Since the prayer is 20 verses long and another 40 if you add the blessing prayer that follows it, I am only going to link to it so you can pray it on your own. But I will summarize the main elements of it to show you why we all need to pray this prayer now and for the next three weeks.

Maybe God will hear us and have mercy on our nation.
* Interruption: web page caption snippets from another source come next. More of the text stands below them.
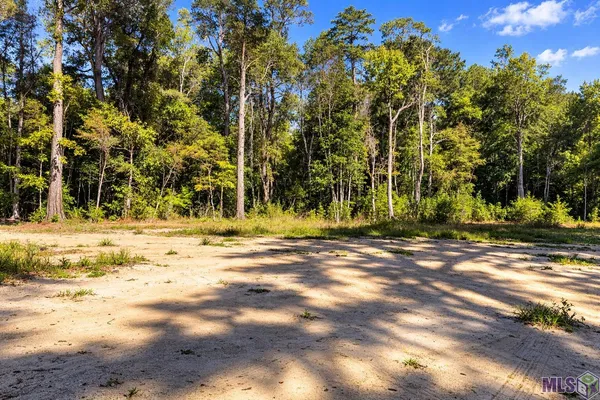 $250,000 | Lots Tbd Lots Tbd Live Oak Drive, Denham Springs, LA 70706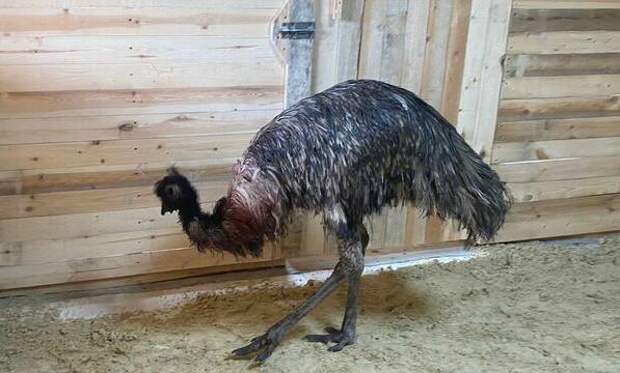 Ветеринары пытаются спасти страуса: птицу поймали в лесу Новороссийска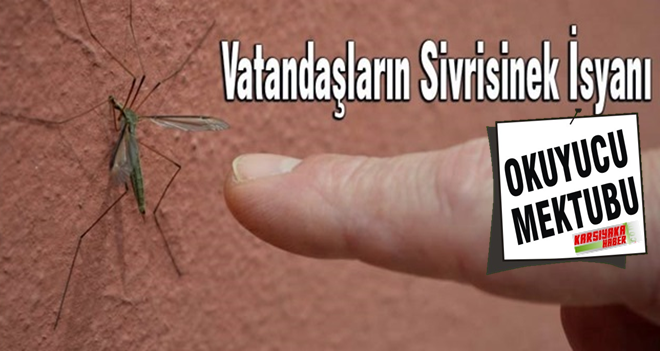 Karşıyaka'yı sivrisinekler istila etti...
Here is the link to Daniel 3:24-45, The Prayer of Azariah:

Elements of the Prayer

  1. Humility: As I noted above, Azariah acknowledges his and his people’s guilt, which is the first step in knowing one’s need for divine mercy: “For we have sinned and transgressed by departing from you” (3:29).
  2. Blessing: He starts the prayer by blessing God and acknowledging Him as righteous Judge of our deeds, “Blessed are you, and praiseworthy, Lord, the God of our ancestors…you are just in all you have done” (Dan 3:26-27).
  3. Consequences: Rather than blaming the Babylonians for his people’s problems, Azariah recognizes the dreaded result of so much sin: “You have handed us over to our enemies” (3:32).
  4. Promises: In the prayer, he reminds the Lord of His own promises to Israel: “For your name’s sake, do not…make void your covenant” (3:34).
  5. Trust: Yet, despite the negative consequences, Azariah trusts in God’s ultimate mercy for His people: “For those who trust in you cannot be put to shame” (3:40).

Would that we—all Americans—might bow down in these next three weeks and make a prayer of such intense devotion as Azariah while he was in the furnace.

Either our furnace is going to get much hotter in three weeks, or we will be liberated by the Angel who joined the three young men in the heat.